● **Activity**
Print, exactly as they stand, the lines below from the one that has "Maali aikuisten kuntofutis SAPA" to the one that has "Listing photo –", inclusive, leaving out the pictures.

───── Given records

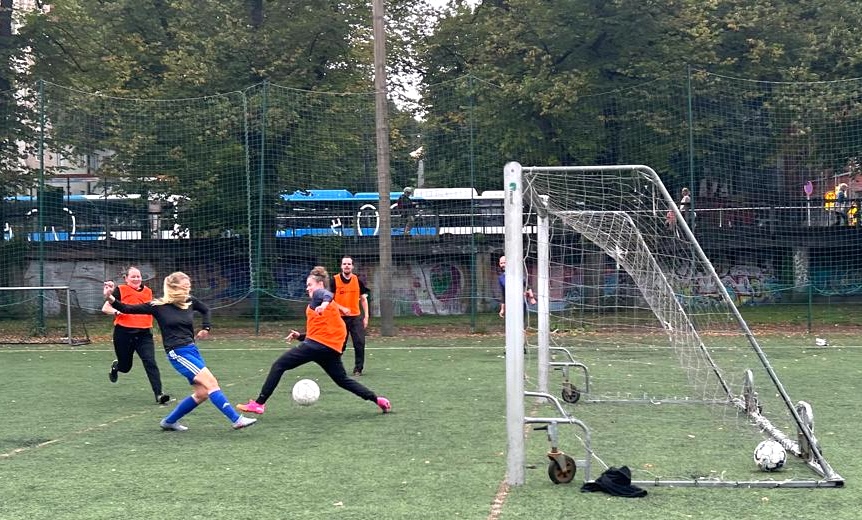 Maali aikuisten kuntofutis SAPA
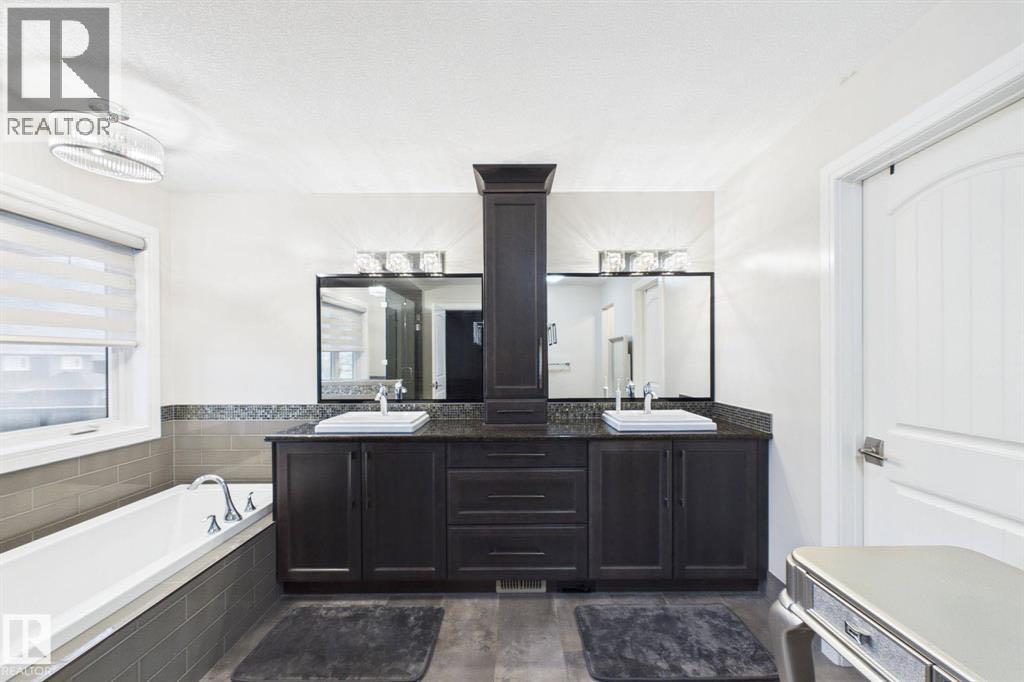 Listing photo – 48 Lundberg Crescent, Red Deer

──────────
───── Given records

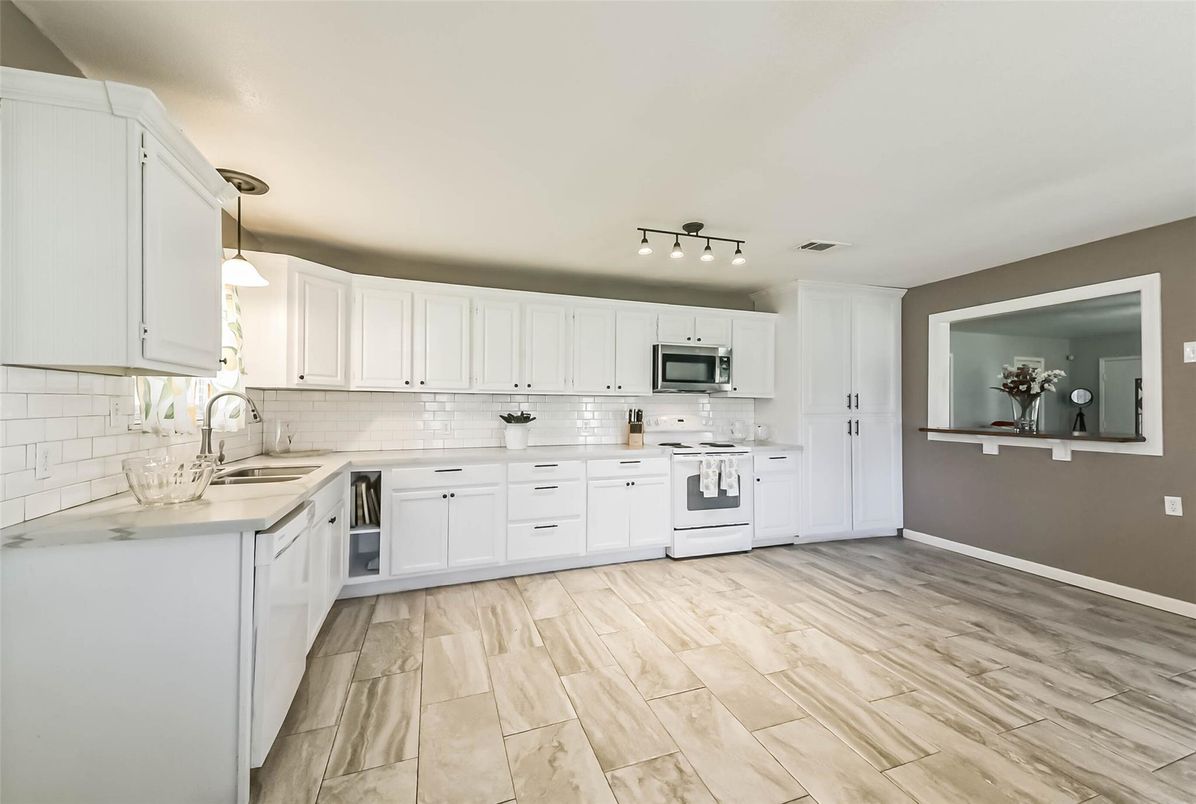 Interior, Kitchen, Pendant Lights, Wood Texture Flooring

──────────

● **Answer**
 Maali aikuisten kuntofutis SAPA
 Listing photo – 48 Lundberg Crescent, Red Deer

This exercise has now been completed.